Buyer B submits request
  → Embed request
  → Search published answers (same logic as section 3)
  → If match score ≥ threshold:
      → Show Buyer B: "Similar answer already exists — view it?"
      → If Buyer B accepts: link request to existing answer, mark resolved
      → If Buyer B declines: proceed with normal request flow

7.3 UX Considerations

Don't block submission.
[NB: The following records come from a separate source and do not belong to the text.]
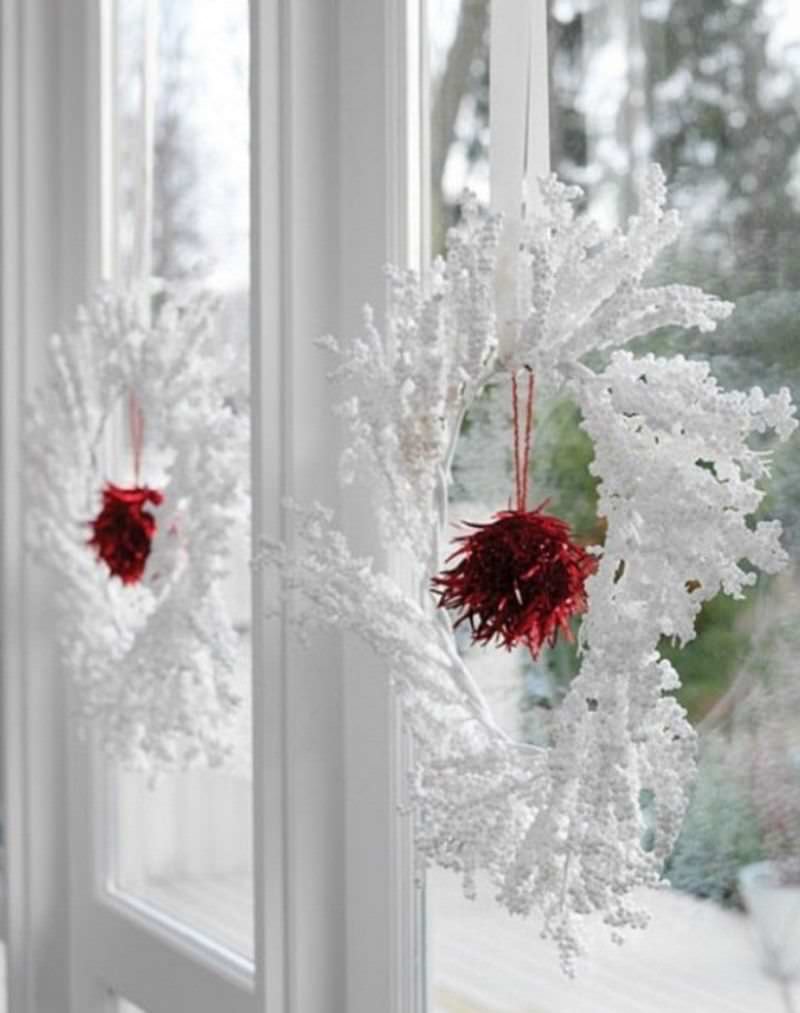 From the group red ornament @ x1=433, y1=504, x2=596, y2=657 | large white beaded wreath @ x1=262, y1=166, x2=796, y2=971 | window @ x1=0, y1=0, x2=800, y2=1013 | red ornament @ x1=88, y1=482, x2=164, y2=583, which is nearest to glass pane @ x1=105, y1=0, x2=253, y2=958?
window @ x1=0, y1=0, x2=800, y2=1013

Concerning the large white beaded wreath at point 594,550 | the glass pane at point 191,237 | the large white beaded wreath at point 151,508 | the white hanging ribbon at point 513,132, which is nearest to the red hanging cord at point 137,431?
the large white beaded wreath at point 151,508

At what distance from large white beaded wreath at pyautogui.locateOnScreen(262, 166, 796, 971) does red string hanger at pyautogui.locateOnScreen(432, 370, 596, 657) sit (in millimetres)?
43

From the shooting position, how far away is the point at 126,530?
5.35ft

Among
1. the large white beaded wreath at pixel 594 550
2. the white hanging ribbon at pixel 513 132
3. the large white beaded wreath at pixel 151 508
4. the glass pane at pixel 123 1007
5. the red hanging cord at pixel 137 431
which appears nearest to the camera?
the large white beaded wreath at pixel 594 550

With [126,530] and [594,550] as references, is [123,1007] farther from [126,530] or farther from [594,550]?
[594,550]

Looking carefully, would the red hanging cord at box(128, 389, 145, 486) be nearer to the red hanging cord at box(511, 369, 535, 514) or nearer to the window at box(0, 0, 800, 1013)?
the window at box(0, 0, 800, 1013)

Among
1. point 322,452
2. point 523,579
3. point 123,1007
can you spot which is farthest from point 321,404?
point 123,1007

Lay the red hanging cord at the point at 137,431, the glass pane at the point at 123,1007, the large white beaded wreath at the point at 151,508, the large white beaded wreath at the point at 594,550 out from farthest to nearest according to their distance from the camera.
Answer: the glass pane at the point at 123,1007
the red hanging cord at the point at 137,431
the large white beaded wreath at the point at 151,508
the large white beaded wreath at the point at 594,550

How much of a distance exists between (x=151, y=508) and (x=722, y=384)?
2.48ft

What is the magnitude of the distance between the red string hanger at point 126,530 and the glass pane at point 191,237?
0.11 metres

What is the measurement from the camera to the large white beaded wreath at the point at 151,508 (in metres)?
1.54

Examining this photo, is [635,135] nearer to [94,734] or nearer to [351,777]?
[351,777]

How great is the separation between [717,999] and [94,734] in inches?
38.6

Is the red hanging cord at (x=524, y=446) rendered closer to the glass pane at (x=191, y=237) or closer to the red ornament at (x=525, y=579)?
the red ornament at (x=525, y=579) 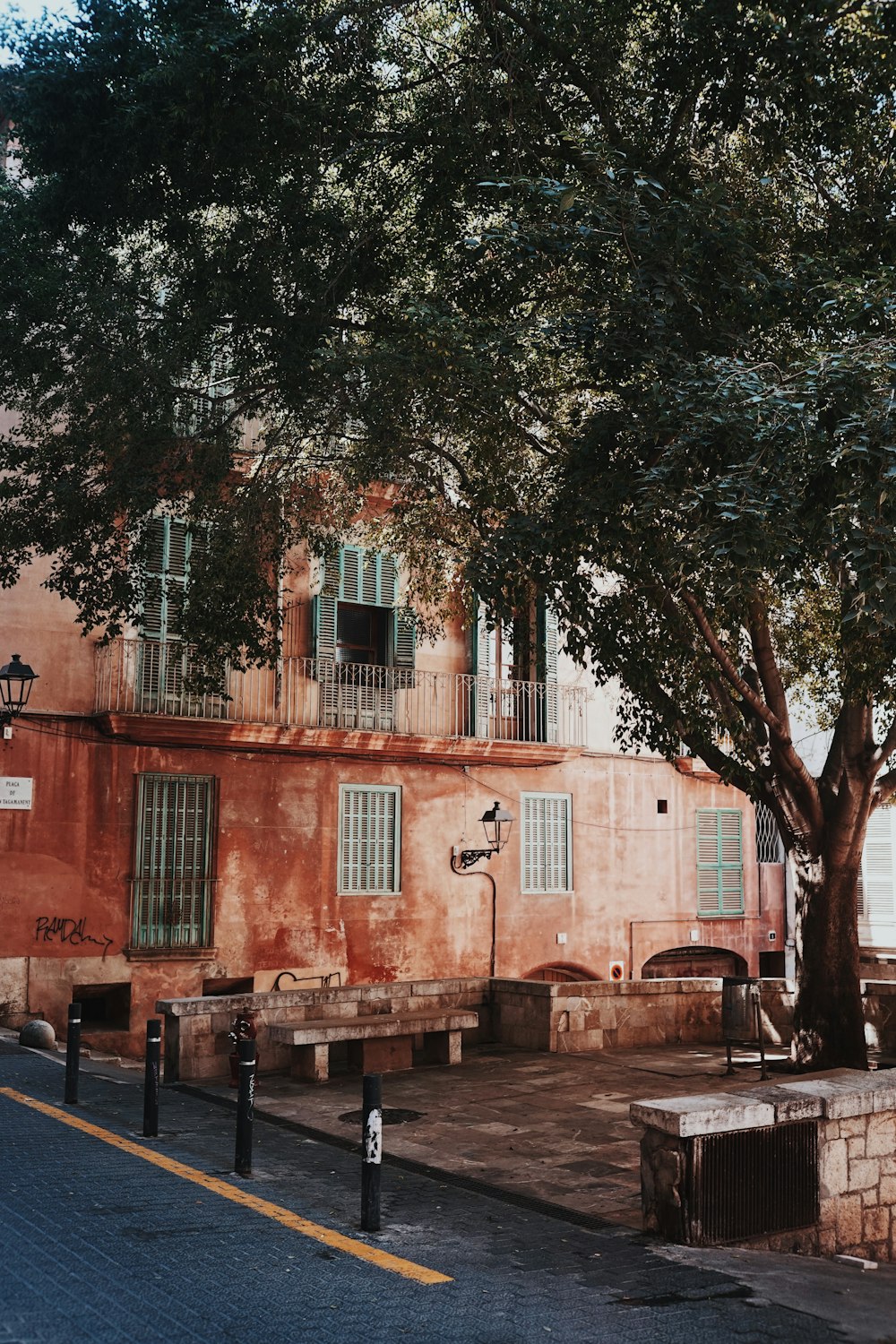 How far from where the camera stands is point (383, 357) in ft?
36.4

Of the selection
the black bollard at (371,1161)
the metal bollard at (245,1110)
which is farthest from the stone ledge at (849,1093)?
the metal bollard at (245,1110)

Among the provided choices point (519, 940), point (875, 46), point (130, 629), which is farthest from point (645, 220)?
point (519, 940)

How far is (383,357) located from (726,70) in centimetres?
390

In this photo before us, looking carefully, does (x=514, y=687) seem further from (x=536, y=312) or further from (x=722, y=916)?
(x=536, y=312)

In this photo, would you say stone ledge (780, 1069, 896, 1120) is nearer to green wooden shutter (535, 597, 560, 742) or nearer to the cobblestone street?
the cobblestone street

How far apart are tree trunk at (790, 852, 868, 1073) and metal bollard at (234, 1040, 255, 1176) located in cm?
643

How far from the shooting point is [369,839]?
20031 mm

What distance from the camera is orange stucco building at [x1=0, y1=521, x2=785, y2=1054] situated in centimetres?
1698

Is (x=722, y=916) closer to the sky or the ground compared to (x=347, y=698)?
closer to the ground

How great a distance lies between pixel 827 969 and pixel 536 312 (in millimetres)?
7044

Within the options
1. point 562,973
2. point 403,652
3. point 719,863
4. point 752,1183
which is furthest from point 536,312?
point 719,863

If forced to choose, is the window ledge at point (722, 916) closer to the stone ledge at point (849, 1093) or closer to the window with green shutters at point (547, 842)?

Show suggestion after submit, not as a gate:

┌─────────────────────────────────────────────────────────────┐
│ Your request has been submitted.                            │
│                                                              │
│ 💡 We found a similar published answer that may help:        │
│                                                              │
│    "FY2024 Audited Financial Statements"                    │
│    Published: 2026-02-15 | Similarity: 89%                  │
│                                                              │
│    [View Answer]  [This doesn't answer my question]         │
└─────────────────────────────────────────────────────────────┘

7.4 Data Model

When buyer accepts the suggestion:

INSERT INTO answer_links (answer_id, request_id, linked_by, linked_at, status, ai_score)
VALUES (?, ?, ?, ?, 'self_confirmed', ?);
-- status = 'self_confirmed' means buyer accepted the AI suggestion
-- no IB review required

When buyer declines:

INSERT INTO answer_links (answer_id, request_id, linked_by, linked_at, status, ai_score)
VALUES (?, ?, ?, ?, 'rejected_by_requester', ?);
-- Prevents suggesting this answer again for this request
-- Request proceeds to normal IB/Seller workflow

8. Race Condition Fixes (DB Transactions)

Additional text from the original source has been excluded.